Abstract
In this paper, we introduce MIO, a novel foundation model built on multimodal tokens, capable of understanding and generating speech, text, images, and videos in an end-to-end, autoregressive manner. While the emergence of large language models (LLMs) and multimodal large language models (MM-LLMs) propels advancements in artificial general intelligence through their versatile capabilities, they still lack true any-to-any understanding and generation. Recently, the release of GPT-4o has showcased the remarkable potential of any-to-any LLMs for complex real-world tasks, enabling omnidirectional input and output across images, speech, and text. However, it is closed-source and does not support the generation of multimodal interleaved sequences. To address this gap, we present MIO, which is trained on a mixture of discrete tokens across four modalities using causal multimodal modeling. MIO undergoes a four-stage training process: (1) alignment pre-training, (2) interleaved pre-training, (3) speech-enhanced pre-training, and (4) comprehensive supervised fine-tuning on diverse textual, visual, and speech tasks. Our experimental results indicate that MIO exhibits competitive, and in some cases superior, performance compared to previous dual-modal baselines, any-to-any model baselines, and even modality-specific baselines. Moreover, MIO demonstrates advanced capabilities inherent to its any-to-any feature, such as interleaved video-text generation, chain-of-visual-thought reasoning, visual guideline generation, instructional image editing, etc.
Community
MIO is a foundation model integrating both multimodal understanding and generation. It can support four modalities: image, video (frame sequence), speech, and text. MIO natively supports multimodal interleaved output and context-aware image generation (in contrast with descriptive image generation).
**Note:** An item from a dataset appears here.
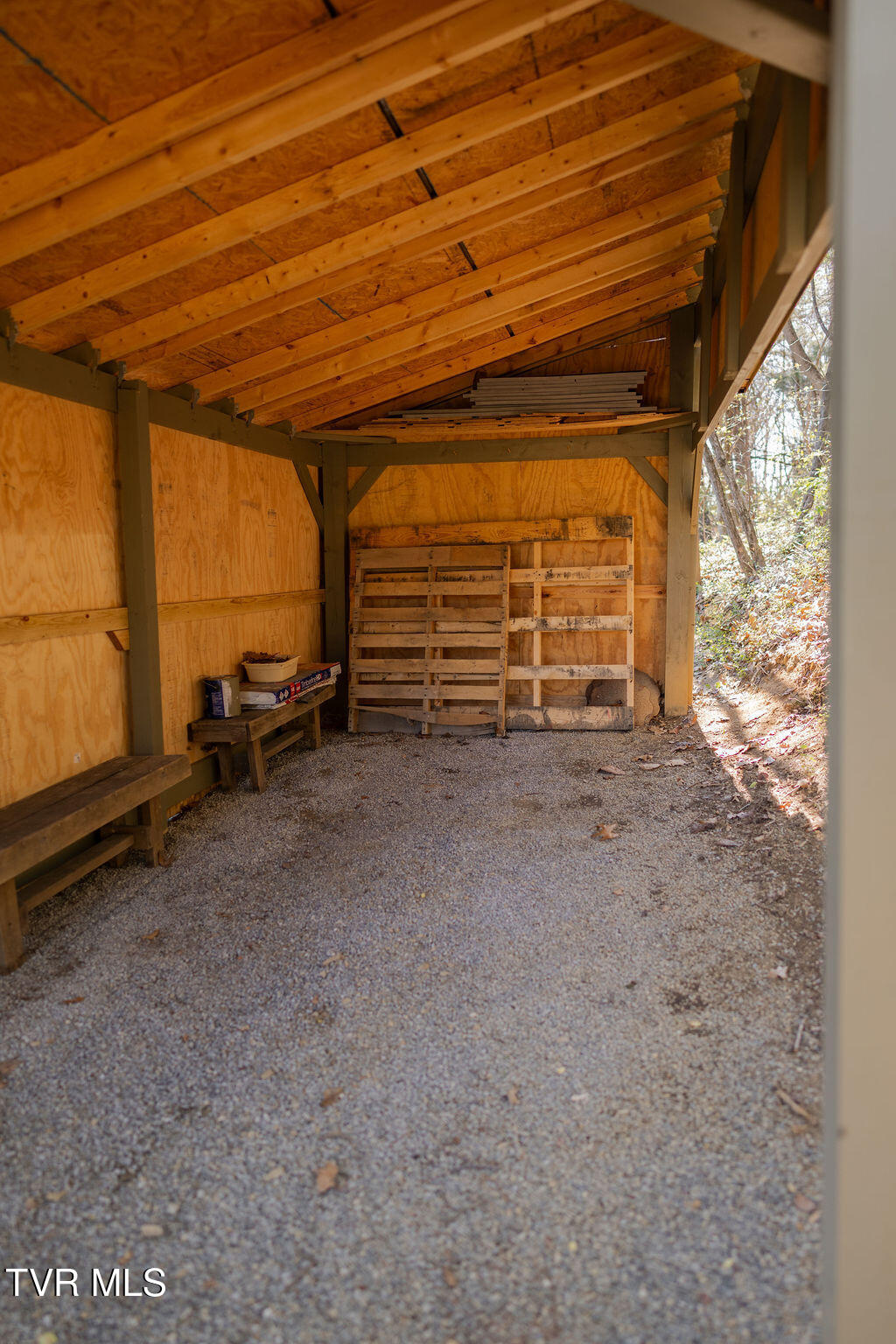 424 Old Watauga Road Watauga, TN 37694 - Photo 44 of 50 .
It is also enhanced for interleaved video-text generation, chain-of-visual-thought reasoning, visual guideline generation, instructional image editing, etc.
Models | Emu1 | Emu2 | SEED-LLaMA | AnyGPT | CM3Leon, Chameleon | Gemini | Transfusion | MIO (ours) |
---|---|---|---|---|---|---|---|---|
I/O Consistency | ❌ | ✔️ | ✔️ | ✔️ | ✔️ | ❌ | ❌ | ✔️ |
Unified Bidirectional SFT | ❌ | ❌ | ✔️ | ✔️ | ✔️ | ✔️ | ❌ | ✔️ |
Multi-Task SFT | ✔️ | ✔️ | ✔️ | ❌ | ✔️ | ✔️ | ❌ | ✔️ |
Speech Input/Output | ❌/❌ | ❌/❌ | ❌/❌ | ✔️/✔️ | ❌/❌ | ✔️/❌ | ❌ | ✔️/✔️ |
Video Input/Output | ✔️/✔️ | ✔️/✔️ | ✔️/✔️ | ❌/❌ | ❌/❌ | ✔️/❌ | ❌ | ✔️/✔️ |
Voice Output | ❌ | ❌ | ❌ | ❌ | ❌ | ❌ | ❌ | ✔️ |
Multimodal Interleaved Output | ❌ | ❌ | ✔️ | ❌ | ❌ | ❌ | ❌ | ✔️ |
Modeling | CICO | CICO | DIDO | DIDO | DIDO | CIDO | AR+Diff | DIDO |
Of course. 🤗
This is an automated message from the Librarian Bot. I found the following papers similar to this paper.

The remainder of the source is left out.